Former State Sen. Gloria Romero, the law’s author, founded a nonprofit last year to educate parents about the California Parent Empowerment Act. Even as Ms. Romero launched her initiative, another group of parent-trigger-campaign veterans had already started working to develop a more collaborative approach to turning around troubled schools.

The two startups point to disparate directions California’s maturing parent-trigger law may take. They could include more contentious parent-led efforts, like the one currently underway with Ms. Romero’s guidance at Palm Lane Elementary School in Anaheim. The law may also continue to become part of a multi-layered strategy to empower poor, minority communities in their pursuit of educational justice.

At the same time, California’s experience so far has motivated only a few states to follow its lead in adopting a parent-trigger law as a model for school overhauls: Six states have adopted parent-trigger inspired laws since 2010. This year lawmakers in six more states are considering parent-trigger legislation, according to the National Conference of State Legislatures. Amendments proposed to laws in California and Texas this year would increase the number eligible schools.

The California Parent Empowerment Act allows parents whose children attend chronically low-performing schools to force districts to enact sweeping education reforms that range from hiring a new principal and replacing staff to transforming the school into a charter. Parents must garner support by petition from 50 percent of students’ parents, plus one, to set the law in motion.

Most of the handful of schools where parents have used the law serve predominantly Hispanic and African-American students from low-income families, explained Alfonso Flores, the chief executive officer of the Excellent Educational Solutions, a private consulting firm founded by former parent-trigger community organizers. However, he said education reformers’ egos, in some cases, can muddy debates and lose sight of those critical societal pressures.

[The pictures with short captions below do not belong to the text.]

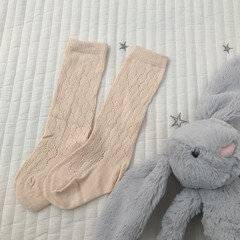 ジェリーキャット/ベビー服/赤ちゃん/ハイソックス/靴下/ファッション 1歳の娘用の靴下。
透かし編みになってい…(1枚目)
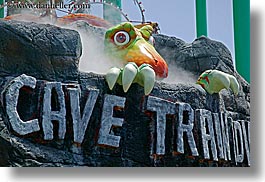 images/California/SantaCruz/Boardwalk/cave-train-ride-1.jpg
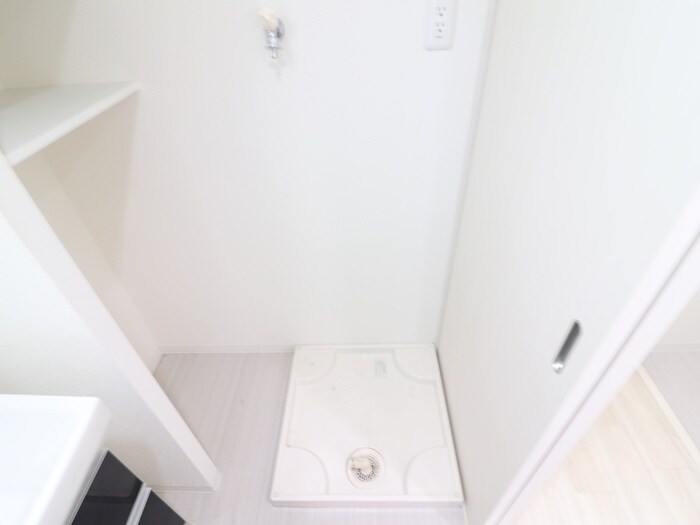 洗濯機置場 Ｌａ　ｖｉｌｌｅ　－１９３０－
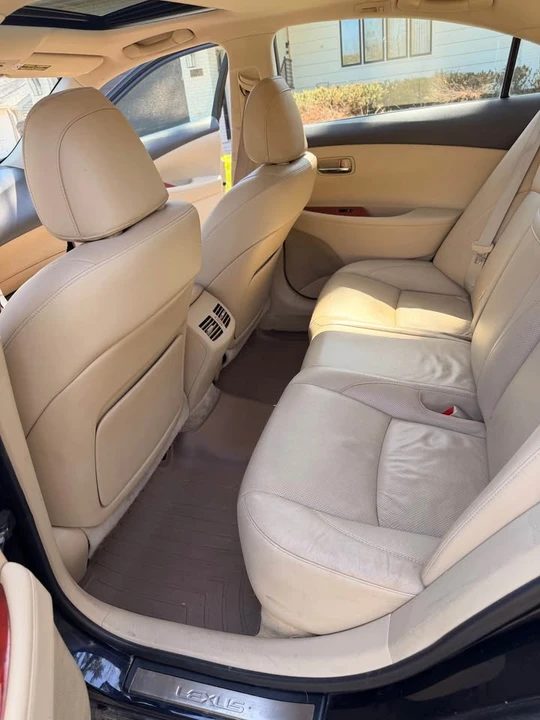 2008 Lexus ES 5th Gen - Image 8 of 9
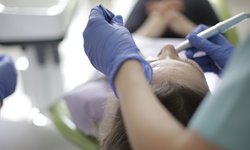 İyi Bir Diş Kliniği Nasıl Seçilir: Kapsamlı Bir Rehber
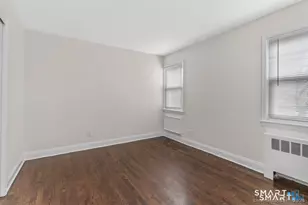 28 Hamilton Ct, Stamford, CT 06902 - Photo 10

“Parents just want to feel like their child has a shot at the American Dream,” Mr. Flores said. “They don’t give a hoot about the politics.”

Meanwhile, Parent Revolution, a nonprofit created to support parents choosing to use the parent-trigger law, is seeking new leadership after longtime executive director Ben Austin resigned late last year. Parent Revolution, which has drawn the ire of critics who see it as divisive, self-promoting, and yielding few tangible results, rebuffs detractors’ assessments of the group, and remains undeterred that the parent-trigger law is a viable education reform tool.

“We’ve always said that we’re trying to spread a movement, not an organization,” Gabe Rose, Parent Revolution’s chief strategy officer, said during an interview at the group’s downtown Los Angeles office, where the décor is inspired by Silicon Valley technology firms. “We desperately want more parent organizations and other allies to pick up this work.”

‘Wild West’

But parents living outside of California haven’t shown much appetite to take the parent-trigger plunge.

In fact, a spokeswoman for the National PTA, the nation’s largest parent-advocacy organization, said the Alexandria, Va.-based group does not have an official position on the law.

So far, nationally, only one school, Desert Trails Elementary School in Adelanto, Calif., has been transformed into a charter while another six schools in the state have used the parent-trigger law in some way to secure changes on their campuses.

Ms. Romero said lawmakers often overlook the importance of monitoring how a law is implemented. “If you don’t know the law, you can’t use the law,” she added.

Ohio’s parent-trigger pilot program in Columbus may have fallen victim to this pitfall. Greg Harris, executive director of the pro-charter nonprofit group StudentsFirst Ohio, said Columbus parents received little to no information about the state’s parent-trigger law. Under the law, it was up to the school district to publicize the option to parents.

“Parents will do their homework and will look for other opportunities for their kids,” Mr. Harris said. “It’s too soon to call parent trigger a failure [in Ohio.] It hasn’t really had its day.”

However, John Rogers, an associate professor in UCLA’s Graduate School of Education and Information Studies, predicts the parent-trigger law may have run its course in California.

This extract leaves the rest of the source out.